Firecracker supports VMGenID device both on x86 and Aarch64 platforms. Firecracker will always enable the device. During snapshot resume, Firecracker will update the 16-byte generation ID and inject a notification in the guest before resuming its vCPUs.
As a result, guests that run Linux versions >= 5.18 will re-seed their in-kernel PRNG upon snapshot resume. User space applications can rely on the guest kernel for randomness. State other than the guest kernel entropy pool, such as unique identifiers, cached random numbers, cryptographic tokens, etc will still be replicated across multiple microVMs resumed from the same snapshot. Users need to implement mechanisms for ensuring de-duplication of such state, where needed.
The vsock device is reset across snapshot/restore to avoid inconsistent state
between device and driver leading to breakage
(#2218). This
is done by sending a VIRTIO_VSOCK_EVENT_TRANSPORT_RESET event to the guest
driver during SnapshotCreate
(#2562). On
SnapshotResume, when the VM becomes active again, the vsock driver closes all
existing connections. Existing listen sockets still remain active, but their CID
is updated to reflect the current guest_cid. More details about this event can
be found in the official Virtio document
here.
During snashot resume, Firecracker updates the 16-byte generation ID of the VMGenID device and injects an interrupt in the guest before resuming vCPUs. If the snapshot was taken at the very early stages of the guest kernel boot process proper interrupt handling might not be in place yet. As a result, the kernel might not be able to handle the injected notification and crash. We suggest to users that they take snapshots only after the guest kernel has completed booting, to avoid this issue.

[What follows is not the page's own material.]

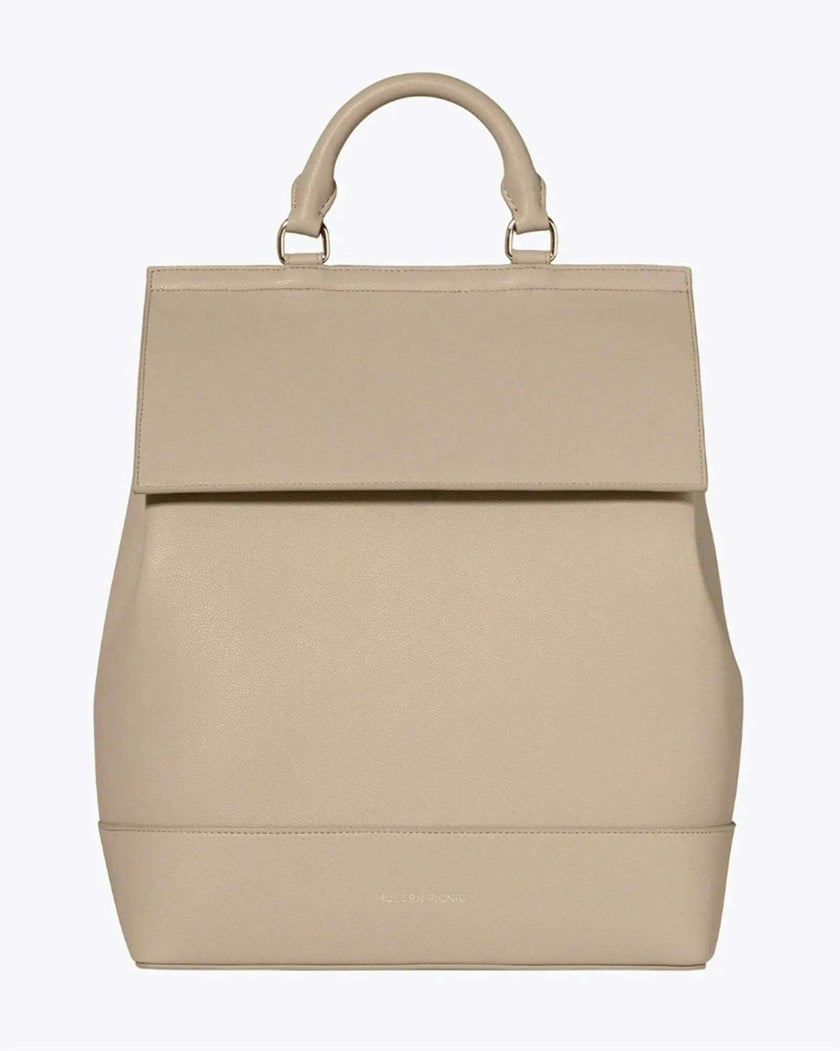Chic, Stylish Padded Laptop Sleeve Backpack, Cream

Snapshots must be resumed on an software and hardware configuration which is identical to what they were generated on. However, in limited cases, snapshots can be resumed on identical hardware instances where they were taken on, but using newer host kernel versions. While we do not provide any guarantees on this setup (and do not recommend doing this in production), we are currently aware of the compatibility table reported below:
| .metal instance type | taken on host kernel | restored on host kernel |
|---|---|---|
| {c5n,m5n,m6i,m6a} | 5.10 | 6.1 |
For example, a snapshot taken on a m6i.metal host running a 5.10 host kernel can be restored on a different m6i.metal host running a 6.1 host kernel (but not vice versa), but could not be restored on a c5n.metal host.